Видение Бренды, хотя совершенно иного рода, было, однако, не менее зловещим. Ей снилось, что она сидит в своей любимой беседке вместе с отцом и его самыми близкими друзьями, среди которых находится и Мордонт Мертон. Ее попросили спеть, и она пыталась занять гостей веселой песенкой, которая всегда сопровождалась успехом и которую она пела с таким наивным и вместе с тем естественным юмором, что обычно вызывала взрывы громкого хохота и аплодисментов, и все присутствующие, независимо от того, умели они петь или не умели, непрерывно подхватывали припев.

На этот раз, однако, Бренде казалось, что голос ее не слушается, и, в то время как она тщетно пыталась произносить слова хорошо знакомой ей песни, он вдруг сделался низким и приобрел дикий и мрачный оттенок голоса Норны из Фитфул-Хэда, каким она пела древние рунические песни, подобные песнопениям языческих жрецов над жертвой (нередко человеческой) у рокового алтаря Одина или Тора.
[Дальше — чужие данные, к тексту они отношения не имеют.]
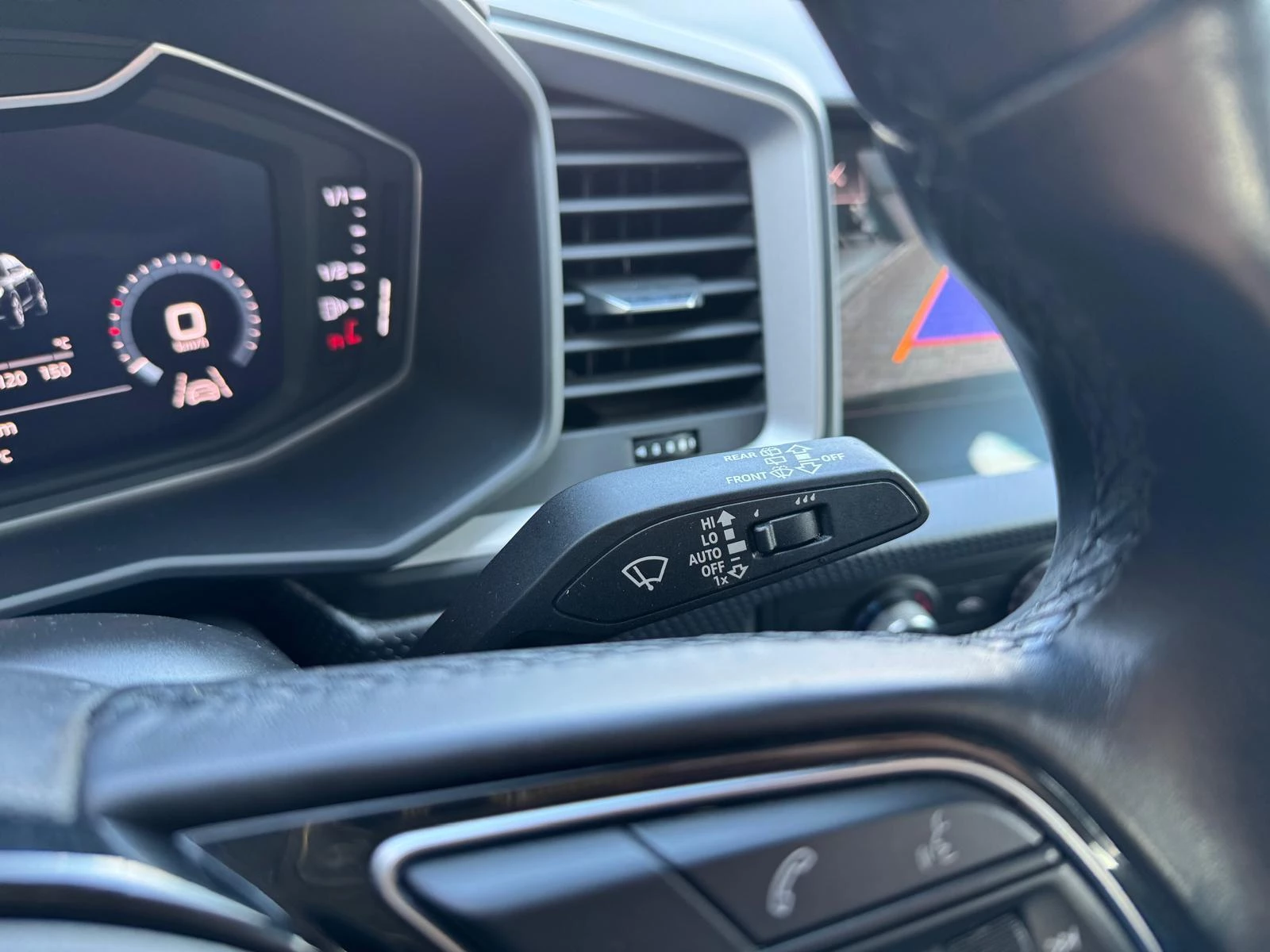 Hoofdafbeelding Audi A1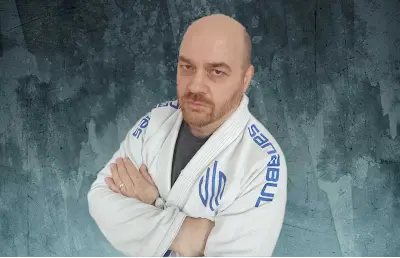 Tactical Martial Arts BJJ Academy - photo 1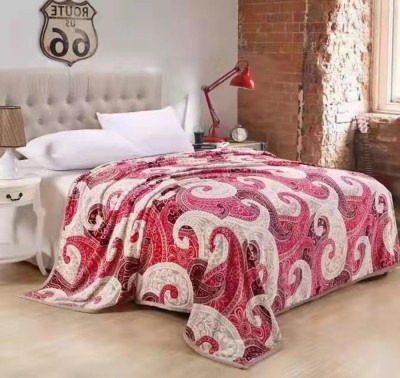 Плед CRISTELLE Flamenco CFR2022-32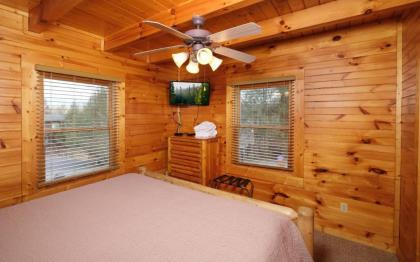 Queens Log Cabin - image 17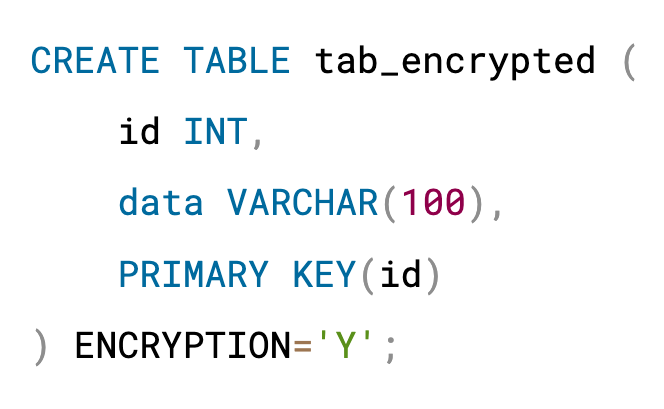 create-table-with-table-encryption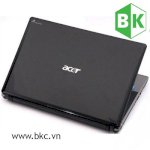 Acer Aspire 5745G - 382G50Mn (052) Core I3-380, Hdd 500Gb, Vga Rời, 15,6” Bảo Hành Chính Hãng 12 Tháng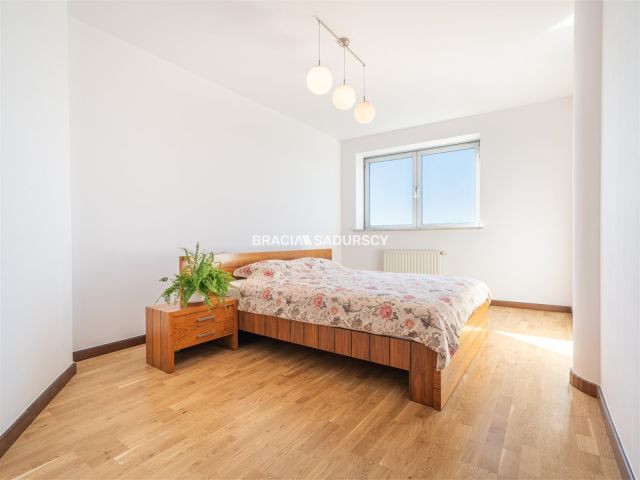 Mieszkanie 3-pokojowe Kraków Bronowice, ul. Sołtysa Dytmara. Zdjęcie 32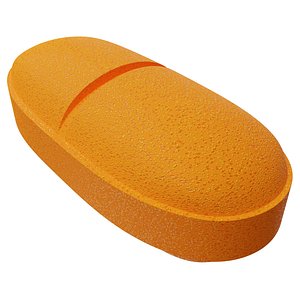 Vitamin Pill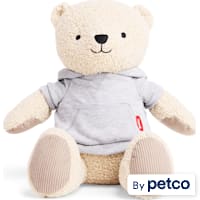Reddy Teddy Dog Toy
Наконец обе сестры одновременно проснулись и с приглушенным криком бросились друг другу в объятия, ибо сновидения их оказались не обманчивым плодом фантазии: звуки, породившие их, раздавались наяву, и притом тут же, в комнате. Девушки тотчас же поняли, чей это голос, ибо хорошо знали, кому он принадлежит, и все же удивились и испугались, увидев знаменитую Норну из Фитфул-Хэда, сидящую у их камина, где в летние ночи всегда стоял зажженный светильник, а зимой горели дрова или торф.